[Problem to work on]:
In the entries below, find the line with "There are some" and the line with "With a USB audio", then retype both and everything between them exactly. Do not copy the pictures.

[Supplied records]:

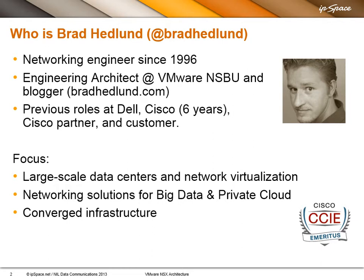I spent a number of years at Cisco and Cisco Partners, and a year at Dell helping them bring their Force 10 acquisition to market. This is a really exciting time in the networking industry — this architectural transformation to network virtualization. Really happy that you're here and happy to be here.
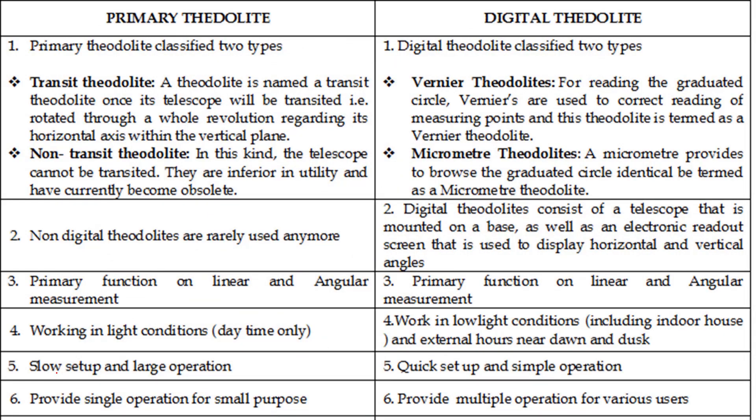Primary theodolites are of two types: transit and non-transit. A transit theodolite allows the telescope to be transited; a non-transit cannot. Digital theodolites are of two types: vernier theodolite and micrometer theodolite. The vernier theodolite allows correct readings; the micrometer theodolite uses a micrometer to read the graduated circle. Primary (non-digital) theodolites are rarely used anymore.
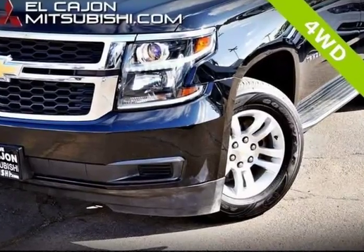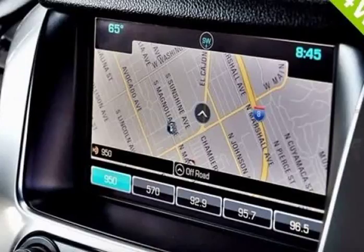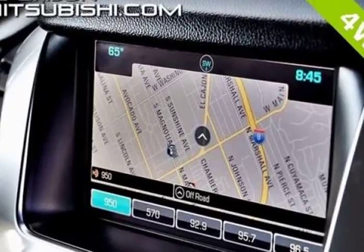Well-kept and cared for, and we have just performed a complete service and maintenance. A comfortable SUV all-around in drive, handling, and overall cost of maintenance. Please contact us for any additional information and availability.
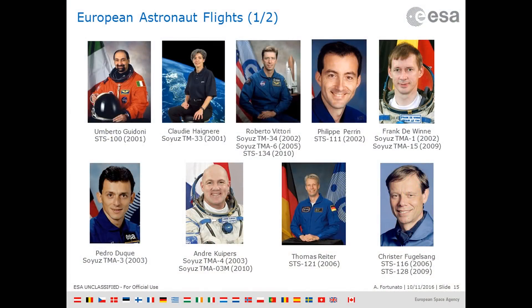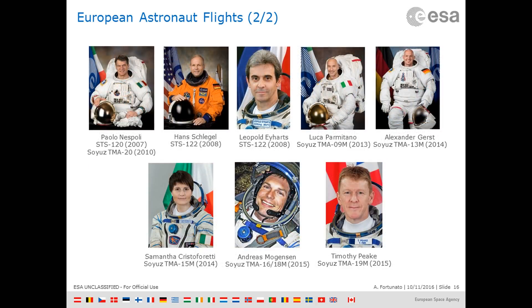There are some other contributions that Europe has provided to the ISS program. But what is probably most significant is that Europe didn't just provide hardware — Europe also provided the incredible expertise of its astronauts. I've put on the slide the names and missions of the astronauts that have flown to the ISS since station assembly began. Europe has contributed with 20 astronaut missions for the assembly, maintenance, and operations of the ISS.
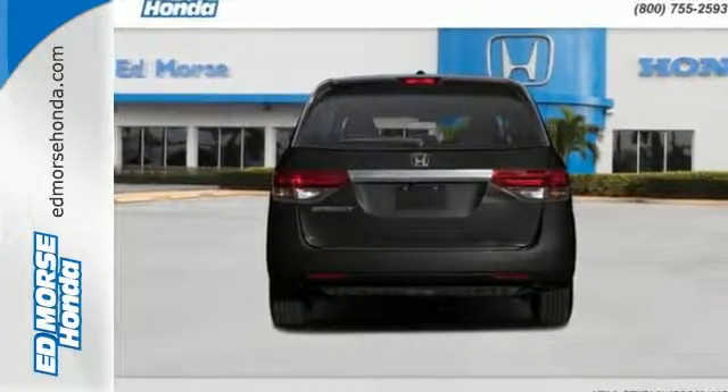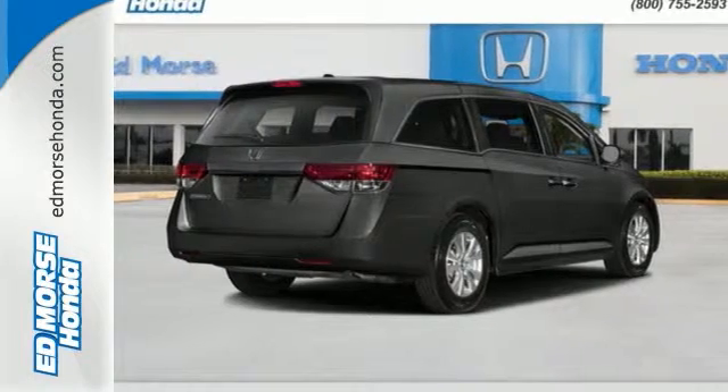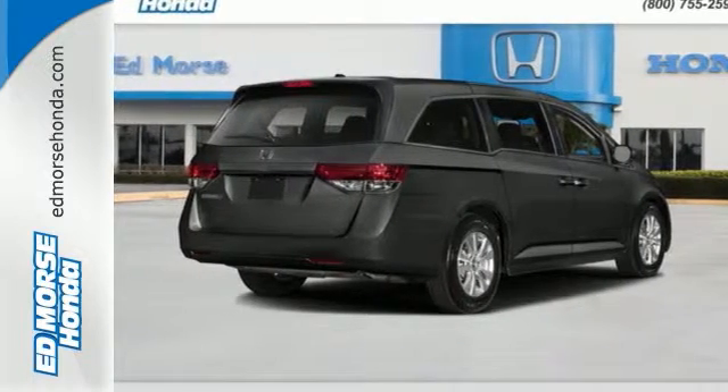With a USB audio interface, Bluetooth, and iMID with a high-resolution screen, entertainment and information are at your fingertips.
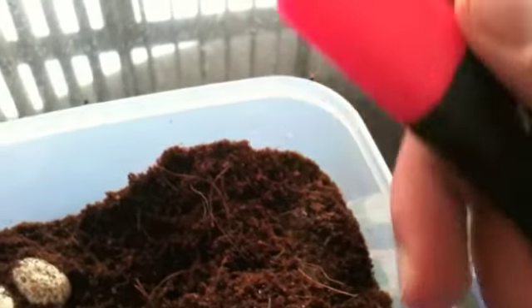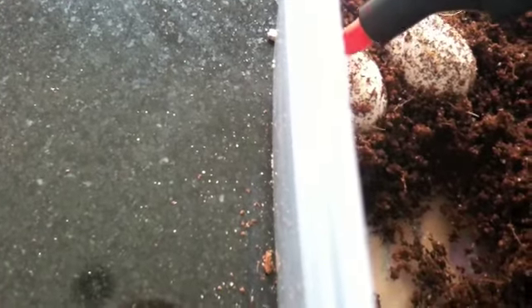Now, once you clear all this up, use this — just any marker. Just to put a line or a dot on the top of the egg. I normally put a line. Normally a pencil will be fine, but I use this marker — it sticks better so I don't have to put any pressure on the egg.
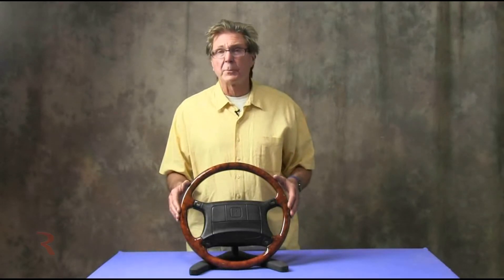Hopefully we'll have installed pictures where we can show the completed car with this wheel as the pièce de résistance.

[Exercise response]:
There are some other contributions that Europe has provided to the ISS program. But what is probably most significant is that Europe didn't just provide hardware — Europe also provided the incredible expertise of its astronauts. I've put on the slide the names and missions of the astronauts that have flown to the ISS since station assembly began. Europe has contributed with 20 astronaut missions for the assembly, maintenance, and operations of the ISS.
With a USB audio interface, Bluetooth, and iMID with a high-resolution screen, entertainment and information are at your fingertips.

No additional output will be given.